An on-going Pokemon map of San Francisco
Forget the open-world Pokémon console RPG with wild pocket monsters represented on-screen instead of in random encounters. Nintendo just went and leap frogged all of us by partnering with a mobile company to bring Pokémon into real life.
The pitch perfect announcement trailer belies our lack of knowledge with respect to how Pokémon Go will actually look and function as a real-life application, but it does capture the exploratory, simple-times wonder of walking around a world with fantastical potential pets that you don’t get arrested for keeping and they don’t keep scratching at the fucking carpet.
The “augmented reality” Pokémon Go uses location technology to give you Pokémon to catch based on things like geography. Lapras in the ocean, and all that. You can even stumble across wild battles between monsters, apparently.
I’ve lived in San Francisco all my life which, I assume, isn’t the case for most of the people working at San Francisco-based Pokémon Go developer Niantic, so I’m definitely a leading authority and expert on which fictional creatures would inhabit certain areas. What started as a quick, fun Friday afternoon post has turned into a stupid, slightly more complicated project as I paste sprites onto a map. I may continue to update this and fill out all of San Francisco, probably when I get back from Tokyo.
Please chip in with local knowledge of your respective hoods.
I’ve lived a couple different places in Excelsior, including my current digs. You’ll find savvy Sneasels and Scythers scurrying through the fragrant wild fennel fenced off alongside the sloping freeway underpasses on your way up to the relative wilds of Glen Park. Murkrows dot power lines along Geneva and Mission.
Ekans occasionally slither down from their dry McLaren plains into the European-named streets below. The Meowths, too, will come down and brave the streets to swipe coins, while a more timid crew stays completely up in the hills. Exeggutors wander Mission freely while Machokes are hard at work.
Wandering Magnemites have been spotted in increasing numbers in this region. They are mostly nocturnal and drain the batteries of residents’ Teslas. Eevee, of course, are prized in Noe Valley, including its fashionable evolutions brought about by precious-gem-owning old money. Except Jolteon. Fuck Jolteon. Wandering Trubbish and Garbodor, abandoned in Dolores Park by transplants and tech assholes, have been spotted wandering into outlying regions such as Noe Valley, but only the latter employs underpaid Quagsire to wash the trash Pokemon downhill into the Mission.

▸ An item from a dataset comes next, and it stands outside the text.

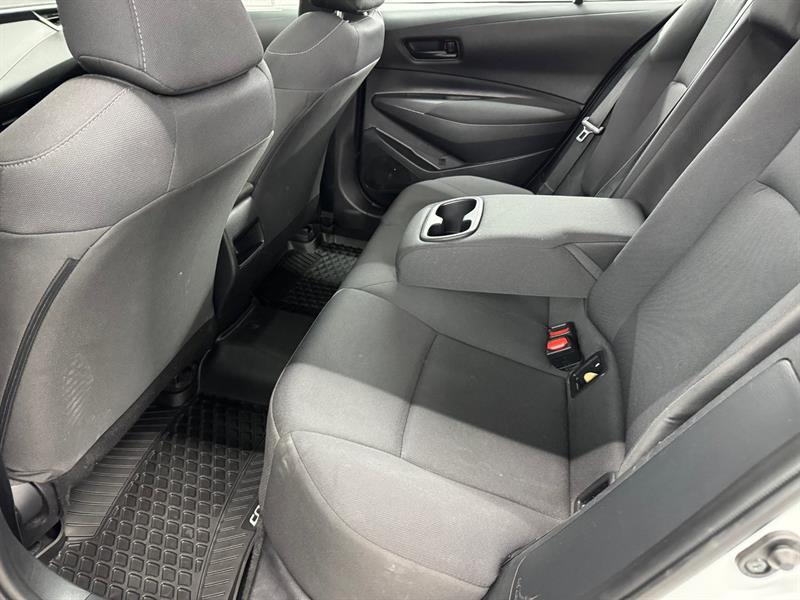 2022 Toyota Corolla - Image 23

San Francisco’s beaches are typically cold and free of the Southern California, bathing suit clad beaches people often associate with the state. The lesser known Fort Funston, south of the creatively named Ocean Beach, is a haven for owners of dog Pokémon like Growlithe and Arcanine, which are allowed to run freely amid the wild Sandshrews and Sandiles burrowed in the beach. The dogs are free to chase Wingull up and down, sniff the occasional washed up, dead Krabby, and sometimes roll around in Sealeo corpses, covering themselves in disgusting, rotting viscera.
Beware if you bring your smaller pup Pokémon as assholes nearby (the country club?) occasionally rise their Rapidashes down onto the beach, threatening the safety of all dogs in this typical haven. Plus they shit everywhere and do those prissy fucks get off their high horse to pick it up, like the responsible dog owners? Of course not.